» **TASK TO CARRY OUT**
Restate the listing in full, keeping every word as it is.

» **COLLECTED DATA**
++++++++++++++++++++
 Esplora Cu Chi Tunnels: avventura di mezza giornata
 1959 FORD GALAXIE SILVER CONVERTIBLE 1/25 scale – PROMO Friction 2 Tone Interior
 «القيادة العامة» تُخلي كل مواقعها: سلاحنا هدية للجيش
++++++++++++++++++++
» **REPLY**
 Esplora Cu Chi Tunnels: avventura di mezza giornata
 1959 FORD GALAXIE SILVER CONVERTIBLE 1/25 scale – PROMO Friction 2 Tone Interior
 «القيادة العامة» تُخلي كل مواقعها: سلاحنا هدية للجيش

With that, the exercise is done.